In the summer of 2021, the Water Defenders – which Ash Dahlke, the group’s president, described as a “pretty rambling group” that includes “a lot of teachers and librarians” – began the process of collecting signatures. The support of 10% of registrants in the basin is necessary to put the creation of an AMA on the ballot box.

“People agree we need something,” said Bekah Wilce, Treasurer of Water Defenders. Wilce is optimistic that the group’s “hard work on the ground to talk to people” will pay off. “People didn’t know it was possible,” she said, but “they understand its importance.”

If voters approve the AMA’s proposals in November, the director of the Arizona Department of Water Resources will have 30 days to visit the basins and set goals for the management area. The state also appoints advisory committees to represent basin users. The department and committees will then have two years to draft initial management plans for new SAs.

The collection of groundwater in the Willcox Basin results in ground subsidence. This photo of the corner of Old Fort Grant Rd and Ranch House Rd in Willcox, Arizona shows 9.7 feet – as shown on the telephone pole – of sag between 1969 and 2018.

Brian Conway/ADWR

But not all residents agree with the proposal. Farmer Claire Owen said it was ‘too late’ for the new AMAs to be effective because the water table has already dropped too low. “They screwed up when they wrote the law in 1981,” he said. “Everyone should have had the same rules.”

Jim Graham, who grows pistachios and grapes in Cochise Groves, said he was concerned but cautiously optimistic about groundwater in the valley. He believes that an AMA is the “wrong tool”. …It’s like going to the toolbox when you need a hammer and coming back with a saw. Graham is also concerned about the possible economic impact of new regulations.

San Ysidro Farms’ Nathan Watkins doesn’t think the AMAs will lessen Riverview’s impact on the Basins, at least not in the way defenders hope they will. “The dairy completely changed the character of this valley because it bought out all the local farmers. We have lost our sense of community,” he said. Although he says he is unhappy with the 1,500 foot deep wells at Riverview, he thinks the water table would continue to drop “even if the family farmers were still there”.

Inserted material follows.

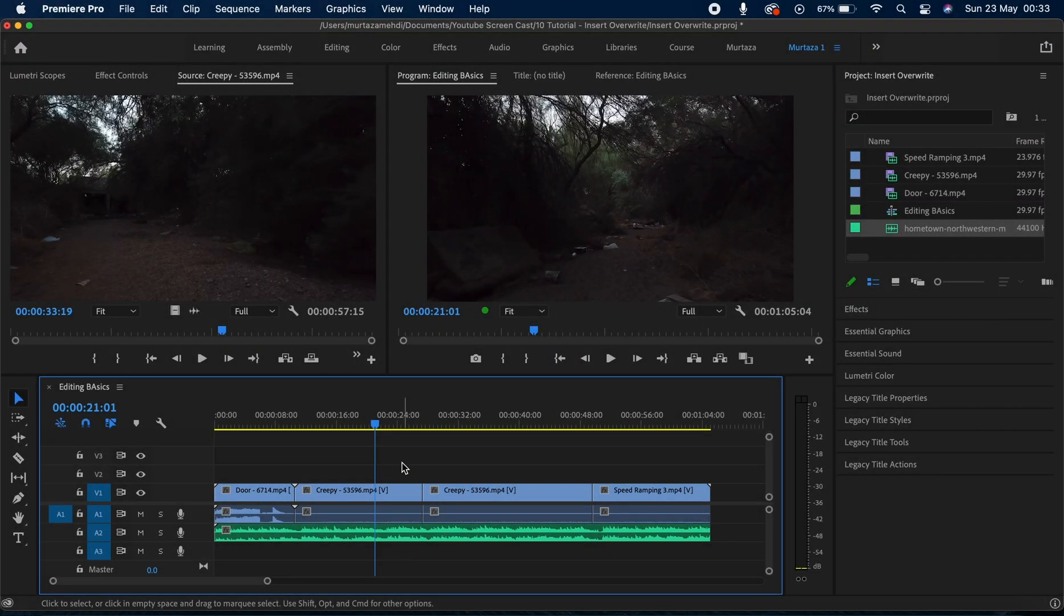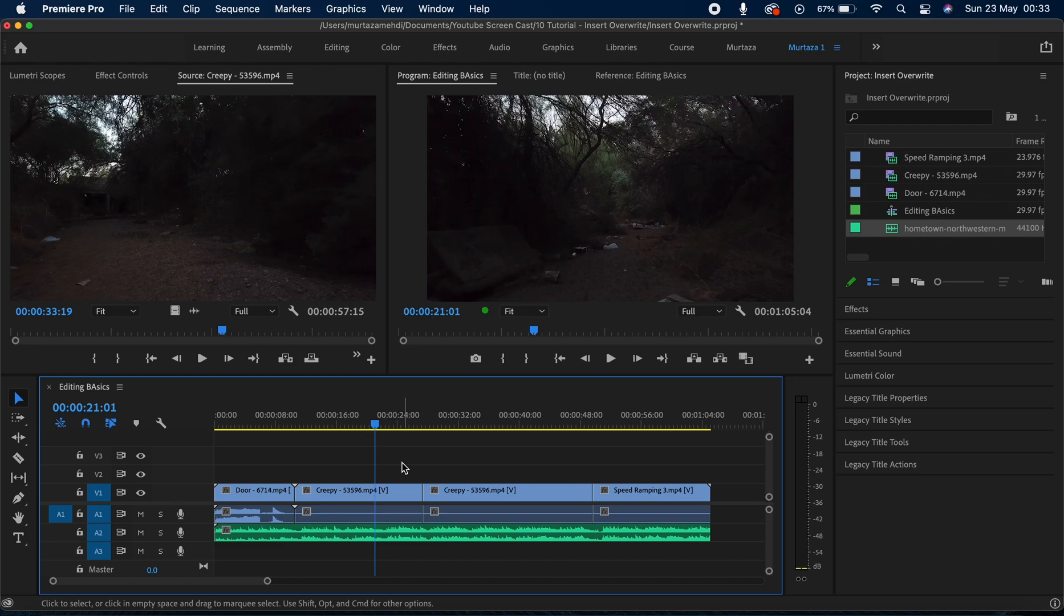Now we have already discussed how the insert added tool works in one of the previous videos, and if you haven't watched that video I would highly recommend you to go and watch that because it is a very handy tool. Now just very briefly, the insert added feature cuts everything on the playhead and pushes everything forward to make space for the new clip.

The use of water from mega-dairies like this has been blamed for contributing to shortages for small farmers and residents of Arizona’s Willcox Basin.

The Arizona Water Defenders believe that intensive groundwater pumping by agribusiness must be curbed, Wilce said, to ensure long-term access to groundwater for small farmers and non-farm residents. She emphasizes that AMAs are designed to meet the needs of communities and be shaped by them. “We need as many groundwater users as possible to be part of the process and have their voices heard in the development of our new AMAs.”

Caroline Tracey is HCN climate justice researcher, reporting from Tucson, Arizona. Email him at [email protected] or submit a letter to the editor. See our letters to editor policy.